Joshua spoke gently. ‘I am old and stricken in years: but there still remains yet very much land to be possessed. This is the land that yet remains: all the borders of the Philistines, and all Geshuri, from Sihor, which is before Egypt, even unto the borders of Ekron northward, which is counted to the Canaanite: five lords of the Philistines: the Gazathites, and the Ashdonites, the Eshkalonites, the Gittites, and the Ekronites; also the Avites: From the south, all the land……’
A hand shot up. Joshua stopped. It was Ram, of the house of Judah. He spoke slowly:
‘Captain of God’s hosts. Yeshua son of Nun. You have given to the tribes of Israel for a possession according to their divisions: in the mountains, and in the valleys, and in the plains, and in the springs, and in the wilderness, and in the south country: We have fought and taken the lands of the Hittites, the Amorites, and the Canaanites, the Perizzites, the Hivites, and the Jebusites. We are content, and we are tired. Should those of us who have settled in our inheritances continue? Isn’t there a time that we should stop?’
The averted eyes around the circle told Joshua that Ram had expressed the heart of many.
He spoke back. ‘Should you feel tired when there is still work to do for the nation? Do we take territories for ourselves only? Must the weak not have your help?’
Jabez raised his hands. ‘We do not take and keep our territories for our selves only. We do it for the weak among us, and the generations with us. I was born in pain. I have experienced weakness. But for the strengthening hands of those with me, my life may have not have amounted to much.
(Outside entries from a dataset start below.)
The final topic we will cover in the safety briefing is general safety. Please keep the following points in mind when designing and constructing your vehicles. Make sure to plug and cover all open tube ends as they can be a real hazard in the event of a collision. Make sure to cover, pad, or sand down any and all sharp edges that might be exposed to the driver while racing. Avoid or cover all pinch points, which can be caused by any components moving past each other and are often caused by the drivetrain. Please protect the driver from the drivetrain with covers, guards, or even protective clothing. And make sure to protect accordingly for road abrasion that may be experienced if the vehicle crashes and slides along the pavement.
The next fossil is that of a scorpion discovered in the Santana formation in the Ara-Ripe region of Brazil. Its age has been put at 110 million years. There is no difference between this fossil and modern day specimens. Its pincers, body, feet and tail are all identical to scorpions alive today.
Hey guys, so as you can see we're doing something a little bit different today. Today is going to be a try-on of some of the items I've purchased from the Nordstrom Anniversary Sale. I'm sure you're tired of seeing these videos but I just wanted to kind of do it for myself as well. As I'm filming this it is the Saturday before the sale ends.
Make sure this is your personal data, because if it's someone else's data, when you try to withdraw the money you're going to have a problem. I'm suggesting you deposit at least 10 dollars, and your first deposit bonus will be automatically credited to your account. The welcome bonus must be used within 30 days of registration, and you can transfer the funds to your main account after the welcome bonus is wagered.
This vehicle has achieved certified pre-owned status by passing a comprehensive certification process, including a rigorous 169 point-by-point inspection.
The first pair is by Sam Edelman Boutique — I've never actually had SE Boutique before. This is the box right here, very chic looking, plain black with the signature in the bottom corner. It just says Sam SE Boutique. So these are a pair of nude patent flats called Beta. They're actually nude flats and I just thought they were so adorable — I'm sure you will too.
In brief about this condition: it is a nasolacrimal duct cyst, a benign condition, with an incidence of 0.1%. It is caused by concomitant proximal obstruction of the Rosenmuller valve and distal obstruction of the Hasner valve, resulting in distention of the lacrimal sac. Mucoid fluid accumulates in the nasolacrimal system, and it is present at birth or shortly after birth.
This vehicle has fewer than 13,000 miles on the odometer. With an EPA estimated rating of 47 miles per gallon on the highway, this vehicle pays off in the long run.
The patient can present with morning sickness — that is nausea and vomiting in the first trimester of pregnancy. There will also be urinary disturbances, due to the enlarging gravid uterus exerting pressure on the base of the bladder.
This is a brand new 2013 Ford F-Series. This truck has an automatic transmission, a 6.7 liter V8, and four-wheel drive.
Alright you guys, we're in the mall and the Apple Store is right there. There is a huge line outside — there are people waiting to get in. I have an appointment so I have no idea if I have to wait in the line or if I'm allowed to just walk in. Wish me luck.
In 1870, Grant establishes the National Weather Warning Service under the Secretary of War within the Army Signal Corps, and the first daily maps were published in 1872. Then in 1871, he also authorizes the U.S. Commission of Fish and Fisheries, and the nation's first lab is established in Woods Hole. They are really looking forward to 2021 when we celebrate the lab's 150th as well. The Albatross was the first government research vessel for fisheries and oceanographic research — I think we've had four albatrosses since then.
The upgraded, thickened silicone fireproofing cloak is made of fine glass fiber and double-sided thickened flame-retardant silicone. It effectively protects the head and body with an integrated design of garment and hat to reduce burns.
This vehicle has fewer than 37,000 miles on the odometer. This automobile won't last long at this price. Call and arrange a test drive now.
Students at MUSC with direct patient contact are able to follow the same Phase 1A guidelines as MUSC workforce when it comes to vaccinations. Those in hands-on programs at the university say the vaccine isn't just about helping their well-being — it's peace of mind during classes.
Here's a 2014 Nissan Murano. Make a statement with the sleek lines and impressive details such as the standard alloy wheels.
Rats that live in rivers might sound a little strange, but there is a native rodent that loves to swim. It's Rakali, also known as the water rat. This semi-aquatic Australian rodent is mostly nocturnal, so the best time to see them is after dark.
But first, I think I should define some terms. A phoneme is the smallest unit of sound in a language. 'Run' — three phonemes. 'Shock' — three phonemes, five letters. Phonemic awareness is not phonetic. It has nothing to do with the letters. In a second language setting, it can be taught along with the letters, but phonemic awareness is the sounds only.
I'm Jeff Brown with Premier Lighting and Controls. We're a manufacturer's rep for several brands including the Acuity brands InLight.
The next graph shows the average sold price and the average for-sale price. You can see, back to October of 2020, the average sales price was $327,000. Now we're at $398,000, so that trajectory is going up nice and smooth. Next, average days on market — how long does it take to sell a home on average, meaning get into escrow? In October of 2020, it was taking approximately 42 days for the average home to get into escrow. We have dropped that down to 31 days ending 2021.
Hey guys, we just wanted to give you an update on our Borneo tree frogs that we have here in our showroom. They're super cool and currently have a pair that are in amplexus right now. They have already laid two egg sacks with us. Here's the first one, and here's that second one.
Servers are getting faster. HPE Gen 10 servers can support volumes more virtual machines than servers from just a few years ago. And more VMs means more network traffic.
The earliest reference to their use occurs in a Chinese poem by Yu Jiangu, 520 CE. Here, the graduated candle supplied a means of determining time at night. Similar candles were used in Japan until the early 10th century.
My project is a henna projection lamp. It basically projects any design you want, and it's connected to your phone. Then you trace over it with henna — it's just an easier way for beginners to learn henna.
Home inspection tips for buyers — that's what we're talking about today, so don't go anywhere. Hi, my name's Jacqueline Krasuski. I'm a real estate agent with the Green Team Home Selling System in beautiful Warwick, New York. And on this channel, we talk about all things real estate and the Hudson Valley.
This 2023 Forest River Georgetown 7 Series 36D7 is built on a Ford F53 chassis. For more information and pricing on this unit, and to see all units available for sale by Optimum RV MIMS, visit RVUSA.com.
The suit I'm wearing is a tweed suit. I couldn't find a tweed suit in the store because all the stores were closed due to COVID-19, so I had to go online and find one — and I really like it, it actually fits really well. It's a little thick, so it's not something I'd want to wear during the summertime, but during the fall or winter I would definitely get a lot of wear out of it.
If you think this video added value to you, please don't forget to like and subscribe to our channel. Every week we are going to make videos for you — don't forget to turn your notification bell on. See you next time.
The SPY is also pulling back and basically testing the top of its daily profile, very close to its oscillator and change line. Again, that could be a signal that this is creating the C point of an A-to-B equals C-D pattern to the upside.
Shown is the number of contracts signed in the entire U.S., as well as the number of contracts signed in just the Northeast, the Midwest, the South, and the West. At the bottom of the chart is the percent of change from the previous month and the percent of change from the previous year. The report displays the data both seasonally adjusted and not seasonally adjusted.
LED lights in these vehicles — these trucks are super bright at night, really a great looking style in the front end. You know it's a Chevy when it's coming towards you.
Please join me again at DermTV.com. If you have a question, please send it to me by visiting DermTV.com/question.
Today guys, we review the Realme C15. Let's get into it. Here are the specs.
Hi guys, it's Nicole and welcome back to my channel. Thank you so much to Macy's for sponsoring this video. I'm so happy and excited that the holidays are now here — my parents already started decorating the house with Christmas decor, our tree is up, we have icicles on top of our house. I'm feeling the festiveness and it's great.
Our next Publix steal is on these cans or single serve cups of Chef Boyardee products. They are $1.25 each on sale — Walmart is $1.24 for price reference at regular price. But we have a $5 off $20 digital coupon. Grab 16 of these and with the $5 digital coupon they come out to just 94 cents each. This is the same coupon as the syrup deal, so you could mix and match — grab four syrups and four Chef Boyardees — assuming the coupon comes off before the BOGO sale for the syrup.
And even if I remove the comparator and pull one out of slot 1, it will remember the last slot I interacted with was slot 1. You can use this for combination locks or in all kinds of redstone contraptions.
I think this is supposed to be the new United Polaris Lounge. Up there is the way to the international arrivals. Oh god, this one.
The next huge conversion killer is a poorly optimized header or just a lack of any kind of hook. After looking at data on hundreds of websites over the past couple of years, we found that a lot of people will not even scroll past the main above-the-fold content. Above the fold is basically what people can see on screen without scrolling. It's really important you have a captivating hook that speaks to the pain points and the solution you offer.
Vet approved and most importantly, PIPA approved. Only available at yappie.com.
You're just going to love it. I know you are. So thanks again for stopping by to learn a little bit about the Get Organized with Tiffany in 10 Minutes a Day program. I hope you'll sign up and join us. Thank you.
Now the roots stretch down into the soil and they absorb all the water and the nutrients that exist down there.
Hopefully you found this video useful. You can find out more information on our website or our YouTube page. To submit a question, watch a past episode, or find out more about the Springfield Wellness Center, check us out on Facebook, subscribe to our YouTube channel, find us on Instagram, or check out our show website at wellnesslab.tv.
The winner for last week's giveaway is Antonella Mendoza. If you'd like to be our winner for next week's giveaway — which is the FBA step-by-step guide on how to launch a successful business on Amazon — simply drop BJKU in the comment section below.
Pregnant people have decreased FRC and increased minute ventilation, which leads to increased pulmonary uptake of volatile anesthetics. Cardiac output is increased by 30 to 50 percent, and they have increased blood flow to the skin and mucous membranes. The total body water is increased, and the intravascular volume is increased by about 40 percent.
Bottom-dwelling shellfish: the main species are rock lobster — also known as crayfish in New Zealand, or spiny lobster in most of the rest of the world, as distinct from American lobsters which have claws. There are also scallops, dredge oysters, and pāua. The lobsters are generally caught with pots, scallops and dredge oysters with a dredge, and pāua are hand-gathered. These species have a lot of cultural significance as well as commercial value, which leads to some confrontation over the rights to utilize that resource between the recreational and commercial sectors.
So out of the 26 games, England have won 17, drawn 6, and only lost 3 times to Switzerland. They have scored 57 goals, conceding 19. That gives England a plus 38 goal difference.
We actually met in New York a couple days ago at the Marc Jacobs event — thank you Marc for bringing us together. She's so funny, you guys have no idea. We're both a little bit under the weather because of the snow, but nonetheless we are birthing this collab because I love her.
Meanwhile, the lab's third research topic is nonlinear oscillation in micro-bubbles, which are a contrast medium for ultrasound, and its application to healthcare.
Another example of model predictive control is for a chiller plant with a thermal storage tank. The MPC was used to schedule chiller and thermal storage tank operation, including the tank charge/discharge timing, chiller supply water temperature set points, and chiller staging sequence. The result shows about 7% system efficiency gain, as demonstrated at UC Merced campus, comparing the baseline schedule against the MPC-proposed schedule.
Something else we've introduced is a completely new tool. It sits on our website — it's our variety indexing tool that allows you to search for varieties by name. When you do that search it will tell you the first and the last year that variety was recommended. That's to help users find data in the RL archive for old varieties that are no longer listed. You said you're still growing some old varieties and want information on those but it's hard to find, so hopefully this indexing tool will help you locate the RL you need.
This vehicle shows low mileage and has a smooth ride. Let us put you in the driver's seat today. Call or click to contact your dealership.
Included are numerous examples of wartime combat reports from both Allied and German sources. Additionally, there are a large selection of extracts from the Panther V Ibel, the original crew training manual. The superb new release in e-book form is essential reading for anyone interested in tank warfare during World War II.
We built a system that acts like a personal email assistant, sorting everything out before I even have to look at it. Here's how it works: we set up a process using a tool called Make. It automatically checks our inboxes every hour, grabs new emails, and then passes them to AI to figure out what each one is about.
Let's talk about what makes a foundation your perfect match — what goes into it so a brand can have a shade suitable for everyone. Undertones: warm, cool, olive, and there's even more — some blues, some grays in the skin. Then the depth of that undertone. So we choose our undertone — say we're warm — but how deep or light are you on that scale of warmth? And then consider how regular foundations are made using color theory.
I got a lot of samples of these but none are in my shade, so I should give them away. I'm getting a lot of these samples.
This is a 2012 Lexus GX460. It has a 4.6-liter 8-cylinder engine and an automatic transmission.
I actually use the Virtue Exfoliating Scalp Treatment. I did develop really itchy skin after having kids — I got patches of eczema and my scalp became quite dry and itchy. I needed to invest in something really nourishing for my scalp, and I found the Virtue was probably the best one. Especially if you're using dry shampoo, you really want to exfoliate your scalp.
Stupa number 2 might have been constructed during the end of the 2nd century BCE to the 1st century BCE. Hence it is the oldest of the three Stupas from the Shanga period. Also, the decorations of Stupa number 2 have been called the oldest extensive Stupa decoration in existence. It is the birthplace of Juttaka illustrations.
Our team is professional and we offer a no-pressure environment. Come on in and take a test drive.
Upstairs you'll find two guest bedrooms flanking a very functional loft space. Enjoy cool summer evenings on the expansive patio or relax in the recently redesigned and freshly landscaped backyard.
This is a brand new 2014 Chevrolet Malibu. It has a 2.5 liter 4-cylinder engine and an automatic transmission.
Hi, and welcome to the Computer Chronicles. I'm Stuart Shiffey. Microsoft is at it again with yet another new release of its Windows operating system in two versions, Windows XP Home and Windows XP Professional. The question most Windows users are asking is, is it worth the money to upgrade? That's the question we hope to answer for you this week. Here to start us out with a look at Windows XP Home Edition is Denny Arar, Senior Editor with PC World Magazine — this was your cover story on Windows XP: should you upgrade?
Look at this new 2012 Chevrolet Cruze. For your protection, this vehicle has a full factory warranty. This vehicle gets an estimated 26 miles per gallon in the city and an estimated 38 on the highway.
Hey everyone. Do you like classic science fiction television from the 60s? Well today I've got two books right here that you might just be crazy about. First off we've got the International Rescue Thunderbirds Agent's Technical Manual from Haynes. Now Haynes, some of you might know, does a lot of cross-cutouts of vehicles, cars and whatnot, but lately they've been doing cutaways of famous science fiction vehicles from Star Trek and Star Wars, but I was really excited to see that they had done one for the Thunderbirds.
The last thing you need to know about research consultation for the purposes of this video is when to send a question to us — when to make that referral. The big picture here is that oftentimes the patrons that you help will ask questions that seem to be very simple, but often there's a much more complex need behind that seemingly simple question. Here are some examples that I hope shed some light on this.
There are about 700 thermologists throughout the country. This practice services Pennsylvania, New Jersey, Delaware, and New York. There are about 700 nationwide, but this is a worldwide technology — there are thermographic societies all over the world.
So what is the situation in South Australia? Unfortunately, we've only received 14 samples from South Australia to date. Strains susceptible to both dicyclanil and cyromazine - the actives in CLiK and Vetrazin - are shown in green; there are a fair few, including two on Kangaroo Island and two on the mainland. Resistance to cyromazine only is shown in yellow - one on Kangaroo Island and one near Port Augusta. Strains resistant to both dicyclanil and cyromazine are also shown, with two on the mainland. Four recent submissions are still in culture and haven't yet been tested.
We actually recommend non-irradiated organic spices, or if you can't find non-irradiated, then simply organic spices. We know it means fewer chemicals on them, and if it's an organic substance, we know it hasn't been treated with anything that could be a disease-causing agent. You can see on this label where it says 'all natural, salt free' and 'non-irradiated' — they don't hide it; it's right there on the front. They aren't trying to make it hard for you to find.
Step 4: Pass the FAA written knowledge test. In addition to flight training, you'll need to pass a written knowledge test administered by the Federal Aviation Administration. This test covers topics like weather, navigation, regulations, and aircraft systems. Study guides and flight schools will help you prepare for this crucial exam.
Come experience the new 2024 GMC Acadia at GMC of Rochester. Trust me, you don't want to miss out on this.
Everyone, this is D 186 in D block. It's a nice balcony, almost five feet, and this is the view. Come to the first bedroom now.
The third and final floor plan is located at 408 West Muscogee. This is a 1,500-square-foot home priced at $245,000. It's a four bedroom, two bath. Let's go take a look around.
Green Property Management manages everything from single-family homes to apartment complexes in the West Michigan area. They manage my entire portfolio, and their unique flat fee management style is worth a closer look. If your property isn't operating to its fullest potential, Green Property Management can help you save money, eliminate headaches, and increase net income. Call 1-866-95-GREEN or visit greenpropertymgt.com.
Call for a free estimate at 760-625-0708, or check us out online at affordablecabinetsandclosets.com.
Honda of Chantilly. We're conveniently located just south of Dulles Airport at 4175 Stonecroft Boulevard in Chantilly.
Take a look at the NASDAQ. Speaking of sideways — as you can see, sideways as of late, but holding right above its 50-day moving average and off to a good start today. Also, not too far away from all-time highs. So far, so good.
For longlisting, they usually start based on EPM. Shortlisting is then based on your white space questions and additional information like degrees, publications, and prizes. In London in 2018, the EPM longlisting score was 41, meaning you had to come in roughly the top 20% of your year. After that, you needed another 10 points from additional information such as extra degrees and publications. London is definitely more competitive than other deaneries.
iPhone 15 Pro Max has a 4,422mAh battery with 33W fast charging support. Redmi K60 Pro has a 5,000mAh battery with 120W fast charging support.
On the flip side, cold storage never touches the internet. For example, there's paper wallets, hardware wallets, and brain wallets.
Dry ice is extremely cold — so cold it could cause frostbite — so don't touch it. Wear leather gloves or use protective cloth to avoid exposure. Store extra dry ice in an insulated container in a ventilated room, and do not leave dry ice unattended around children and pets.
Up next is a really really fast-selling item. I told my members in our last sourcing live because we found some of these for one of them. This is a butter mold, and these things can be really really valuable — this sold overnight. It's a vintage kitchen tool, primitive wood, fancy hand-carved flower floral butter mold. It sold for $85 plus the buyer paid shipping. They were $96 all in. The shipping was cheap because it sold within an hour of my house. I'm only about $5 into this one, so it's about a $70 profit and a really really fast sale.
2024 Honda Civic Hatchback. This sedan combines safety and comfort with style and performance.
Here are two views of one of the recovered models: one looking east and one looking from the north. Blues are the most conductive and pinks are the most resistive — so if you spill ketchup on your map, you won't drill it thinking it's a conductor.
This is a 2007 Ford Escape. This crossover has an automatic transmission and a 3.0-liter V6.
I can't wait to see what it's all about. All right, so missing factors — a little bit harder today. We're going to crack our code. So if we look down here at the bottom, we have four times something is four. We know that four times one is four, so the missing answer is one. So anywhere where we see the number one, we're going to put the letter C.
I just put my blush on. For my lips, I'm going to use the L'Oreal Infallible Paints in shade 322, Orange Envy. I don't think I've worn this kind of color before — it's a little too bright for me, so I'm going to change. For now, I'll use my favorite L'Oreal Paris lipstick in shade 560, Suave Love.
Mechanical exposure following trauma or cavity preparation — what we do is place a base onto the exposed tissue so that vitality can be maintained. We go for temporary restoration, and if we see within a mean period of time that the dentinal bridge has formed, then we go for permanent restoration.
Please remember this when you just want to eat what is before you, wear the robe in your hand today, and forget that progress is only as strong as you are prepared to continue to be’.
Joshua looked into their eyes.
‘Soon I will be gone. Moses did his part and has been gone for a generation. Jabez is right. You are only as strong as how well you are prepared to work in your time and how strong your brother is. As things stand today, even those without their own territories have rest as long as they remain in the territories brought under our rule, because as a community, our law teaches us to share. But surely, you cannot feel full when your brother’s continued strength is only guaranteed by the magnanimity from your table? Must they live on the generosity of others, instead of having what they can also bequeath to their next generations? You are not complete until all is complete. Don’t fail your brothers. Don’t fail the next generation’
The secured scratched their beards and gave no answer. The unsecured looked around with anxious eyes. They knew that the territory given to Israel was vast. What they did not know was that it would take wars with thirty-one kings for Israel ‘to have rest all about them’.